WHAT THE TASK REQUIRES: Give only the number of lines in the following entries where "Capítulo" appears.

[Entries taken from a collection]
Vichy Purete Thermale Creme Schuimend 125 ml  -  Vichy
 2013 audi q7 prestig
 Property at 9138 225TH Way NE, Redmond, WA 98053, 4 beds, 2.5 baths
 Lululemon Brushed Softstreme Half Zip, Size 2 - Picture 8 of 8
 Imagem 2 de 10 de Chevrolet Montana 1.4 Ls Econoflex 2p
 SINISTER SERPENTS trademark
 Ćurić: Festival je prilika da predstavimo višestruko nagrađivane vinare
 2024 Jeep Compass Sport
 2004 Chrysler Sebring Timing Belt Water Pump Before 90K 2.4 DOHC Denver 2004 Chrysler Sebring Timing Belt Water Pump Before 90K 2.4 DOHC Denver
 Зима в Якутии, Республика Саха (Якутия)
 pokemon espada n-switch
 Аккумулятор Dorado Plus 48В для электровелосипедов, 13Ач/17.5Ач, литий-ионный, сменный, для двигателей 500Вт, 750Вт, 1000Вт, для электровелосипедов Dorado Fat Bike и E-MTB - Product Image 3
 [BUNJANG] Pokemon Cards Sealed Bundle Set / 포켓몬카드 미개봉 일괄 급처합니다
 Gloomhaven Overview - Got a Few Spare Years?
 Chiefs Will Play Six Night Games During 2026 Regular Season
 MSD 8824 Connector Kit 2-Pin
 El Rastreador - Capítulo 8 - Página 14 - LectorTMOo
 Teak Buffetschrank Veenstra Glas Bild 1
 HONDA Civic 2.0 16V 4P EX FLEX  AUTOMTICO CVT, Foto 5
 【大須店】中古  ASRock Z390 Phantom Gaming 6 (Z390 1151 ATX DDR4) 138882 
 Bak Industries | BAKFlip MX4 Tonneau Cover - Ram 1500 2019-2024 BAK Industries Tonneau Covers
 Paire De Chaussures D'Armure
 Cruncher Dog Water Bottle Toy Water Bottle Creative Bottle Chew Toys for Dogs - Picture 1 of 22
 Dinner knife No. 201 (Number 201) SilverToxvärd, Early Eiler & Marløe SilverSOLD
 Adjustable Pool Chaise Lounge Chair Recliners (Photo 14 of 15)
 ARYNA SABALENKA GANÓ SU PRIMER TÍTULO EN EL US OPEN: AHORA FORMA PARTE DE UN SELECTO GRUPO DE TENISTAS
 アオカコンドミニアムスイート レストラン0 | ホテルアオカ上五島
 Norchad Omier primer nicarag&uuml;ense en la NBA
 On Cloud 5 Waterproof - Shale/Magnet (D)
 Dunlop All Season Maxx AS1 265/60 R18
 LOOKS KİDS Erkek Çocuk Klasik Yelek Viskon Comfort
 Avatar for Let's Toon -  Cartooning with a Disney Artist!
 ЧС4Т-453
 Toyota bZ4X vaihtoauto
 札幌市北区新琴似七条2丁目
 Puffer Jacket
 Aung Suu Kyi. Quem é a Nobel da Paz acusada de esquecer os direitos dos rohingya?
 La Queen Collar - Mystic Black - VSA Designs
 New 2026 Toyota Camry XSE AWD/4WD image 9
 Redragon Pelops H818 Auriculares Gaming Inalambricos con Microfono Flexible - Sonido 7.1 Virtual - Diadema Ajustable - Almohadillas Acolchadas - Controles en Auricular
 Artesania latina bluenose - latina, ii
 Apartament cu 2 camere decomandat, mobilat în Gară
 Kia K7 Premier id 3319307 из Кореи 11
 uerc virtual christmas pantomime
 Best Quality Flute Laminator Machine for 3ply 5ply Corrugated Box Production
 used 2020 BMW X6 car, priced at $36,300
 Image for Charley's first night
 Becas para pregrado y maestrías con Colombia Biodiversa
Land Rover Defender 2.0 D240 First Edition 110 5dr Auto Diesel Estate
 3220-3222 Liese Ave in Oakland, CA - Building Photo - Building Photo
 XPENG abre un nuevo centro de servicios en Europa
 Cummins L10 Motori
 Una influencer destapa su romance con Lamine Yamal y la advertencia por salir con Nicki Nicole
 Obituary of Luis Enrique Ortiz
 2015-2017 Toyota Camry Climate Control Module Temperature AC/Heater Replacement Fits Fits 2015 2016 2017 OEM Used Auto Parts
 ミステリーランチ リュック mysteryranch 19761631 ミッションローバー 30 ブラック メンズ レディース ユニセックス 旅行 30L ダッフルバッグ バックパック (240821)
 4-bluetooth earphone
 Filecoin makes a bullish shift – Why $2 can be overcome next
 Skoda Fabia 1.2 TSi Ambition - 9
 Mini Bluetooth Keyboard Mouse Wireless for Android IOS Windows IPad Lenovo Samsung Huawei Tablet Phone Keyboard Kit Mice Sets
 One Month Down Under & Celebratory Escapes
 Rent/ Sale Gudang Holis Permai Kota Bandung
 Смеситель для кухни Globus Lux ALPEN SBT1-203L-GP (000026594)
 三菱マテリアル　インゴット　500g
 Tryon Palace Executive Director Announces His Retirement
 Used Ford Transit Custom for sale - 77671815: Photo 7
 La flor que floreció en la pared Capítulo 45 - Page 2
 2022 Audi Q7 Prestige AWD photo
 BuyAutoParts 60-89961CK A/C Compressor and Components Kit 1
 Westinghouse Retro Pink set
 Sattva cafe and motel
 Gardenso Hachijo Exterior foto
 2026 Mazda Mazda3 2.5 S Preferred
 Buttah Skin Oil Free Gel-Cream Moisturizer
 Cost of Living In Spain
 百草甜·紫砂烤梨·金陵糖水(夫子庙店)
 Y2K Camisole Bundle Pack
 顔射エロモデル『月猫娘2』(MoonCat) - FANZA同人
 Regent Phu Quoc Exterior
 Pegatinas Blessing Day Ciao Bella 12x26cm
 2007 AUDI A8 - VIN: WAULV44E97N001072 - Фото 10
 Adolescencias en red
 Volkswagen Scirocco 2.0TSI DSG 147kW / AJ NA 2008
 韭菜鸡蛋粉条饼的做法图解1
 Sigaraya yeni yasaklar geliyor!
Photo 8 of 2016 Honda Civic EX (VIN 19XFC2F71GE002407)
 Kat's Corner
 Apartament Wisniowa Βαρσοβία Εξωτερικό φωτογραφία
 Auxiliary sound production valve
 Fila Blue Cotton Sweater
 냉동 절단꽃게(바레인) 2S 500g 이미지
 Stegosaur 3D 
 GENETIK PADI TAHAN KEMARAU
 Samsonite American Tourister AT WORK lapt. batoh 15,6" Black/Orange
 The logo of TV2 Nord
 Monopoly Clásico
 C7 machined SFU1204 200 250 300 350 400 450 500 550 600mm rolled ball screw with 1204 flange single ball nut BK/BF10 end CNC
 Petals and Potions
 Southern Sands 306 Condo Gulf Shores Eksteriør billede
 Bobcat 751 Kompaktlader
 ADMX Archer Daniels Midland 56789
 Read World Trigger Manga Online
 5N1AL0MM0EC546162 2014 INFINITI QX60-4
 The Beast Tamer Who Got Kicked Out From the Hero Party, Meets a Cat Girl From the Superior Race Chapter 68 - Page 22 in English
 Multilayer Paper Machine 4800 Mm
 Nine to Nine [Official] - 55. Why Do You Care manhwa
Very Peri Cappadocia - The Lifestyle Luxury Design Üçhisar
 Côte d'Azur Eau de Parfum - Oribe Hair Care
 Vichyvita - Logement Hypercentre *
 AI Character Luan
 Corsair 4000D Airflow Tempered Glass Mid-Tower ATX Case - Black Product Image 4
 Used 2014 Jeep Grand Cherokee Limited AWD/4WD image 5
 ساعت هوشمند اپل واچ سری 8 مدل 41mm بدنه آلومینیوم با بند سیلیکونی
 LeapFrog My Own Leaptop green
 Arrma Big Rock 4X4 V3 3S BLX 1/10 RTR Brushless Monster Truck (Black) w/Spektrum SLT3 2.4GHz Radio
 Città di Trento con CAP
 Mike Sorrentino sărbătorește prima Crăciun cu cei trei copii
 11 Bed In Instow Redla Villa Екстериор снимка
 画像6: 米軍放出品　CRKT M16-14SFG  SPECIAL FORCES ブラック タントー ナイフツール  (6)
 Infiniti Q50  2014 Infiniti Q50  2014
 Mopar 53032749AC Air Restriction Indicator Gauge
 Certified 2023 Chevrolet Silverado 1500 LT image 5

REPLY TO THE TASK: 2